Thursday, May 8, 2014

Ecclesiastical Jurisdiction

I had a discussion a couple of days ago with a deacon in the Eastern Orthodox Church who is a friend of mine.  During the discussion, the topic of the status of the Pope in the Eastern Church came up.  My friend made the statement that the Pope (and the Roman Catholic Church in general) is considered schismatic from the Eastern point of view and lacking in any legitimate, de jure jurisdiction as a bishop in the church.  As a manifestation of this fact, he mentioned that Eastern Orthodox persons living, say, in Rome do not join the Roman Catholic Church (as they would do if the Pope really was the legitimate Bishop of Rome), but instead are members of some Eastern Orthodox Church under the jurisdiction of some Eastern Orthodox archdiocese, etc.

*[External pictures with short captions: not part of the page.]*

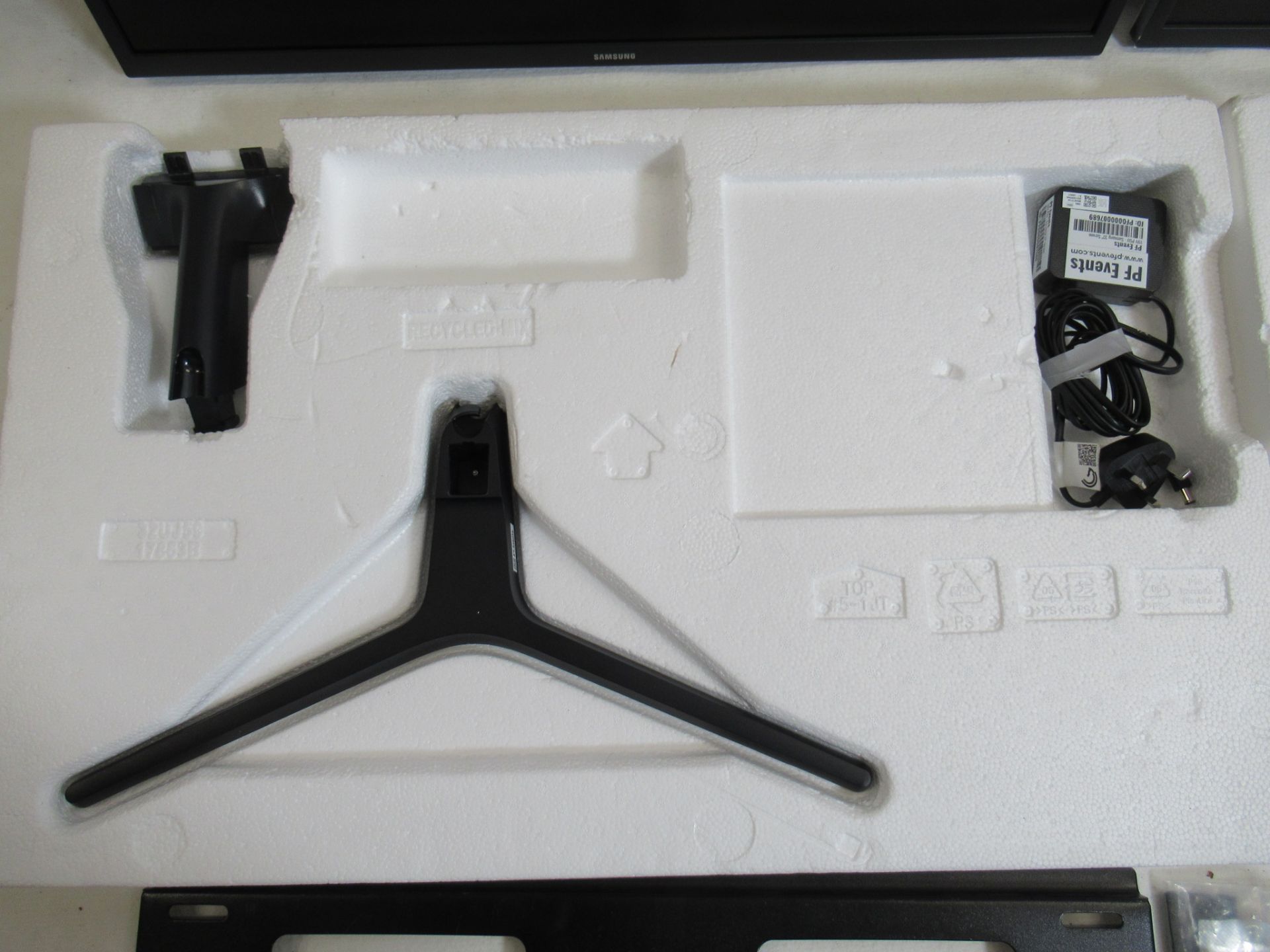 (2) Samsung U32J590UQP - UJ59 Series - 32" LED monitor - 4K - Image 3 of 8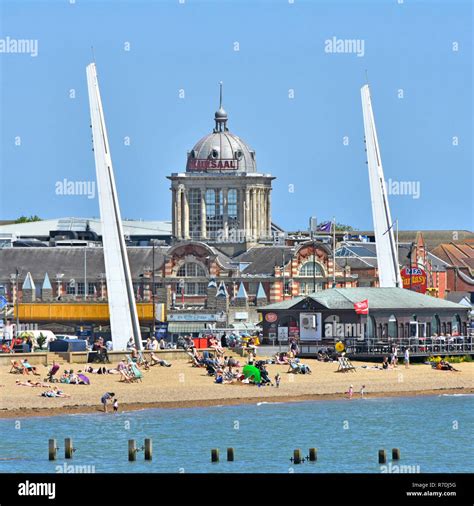 Southend on sea beach hi-res stock photography and images - Alamy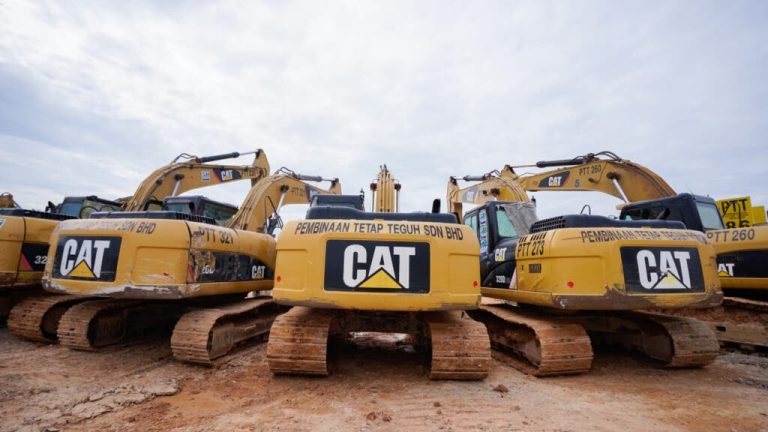 Rising Tariffs Undercut Caterpillar’s Q2 Performance Even As Order Backlog Swells By $2.5 Billion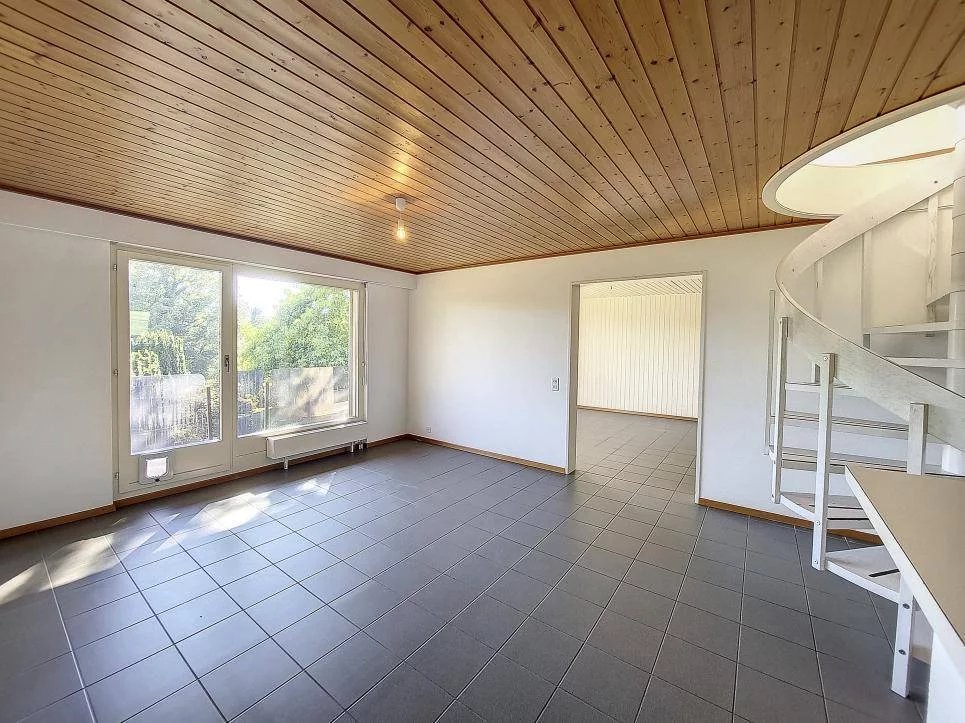 Opportunité pour Investisseurs : Immeuble avec 3 Appartements Spacieux !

The Free Presbyterian Church of Scotland has a congregation in Santa Fe, TX, USA.  This is very noteworthy.  What is a church of Scotland doing in Texas?  The same thing an Eastern Orthodox Church is doing in Western Rome.  The presence of a Scottish church in Texas implies a rejection of the legitimacy of American churches (including Presbyterian/Reformed churches).  If there was a legitimate US church, the FPCS would surely defer to that body.*  There are several Reformed churches, including a number of PCA churches and two OPC churches, in the Houston area (where Santa Fe is located).  If these churches were seen as legitimate, it would be schismatic to plant a Scottish church in that same area, drawing members away from these American churches.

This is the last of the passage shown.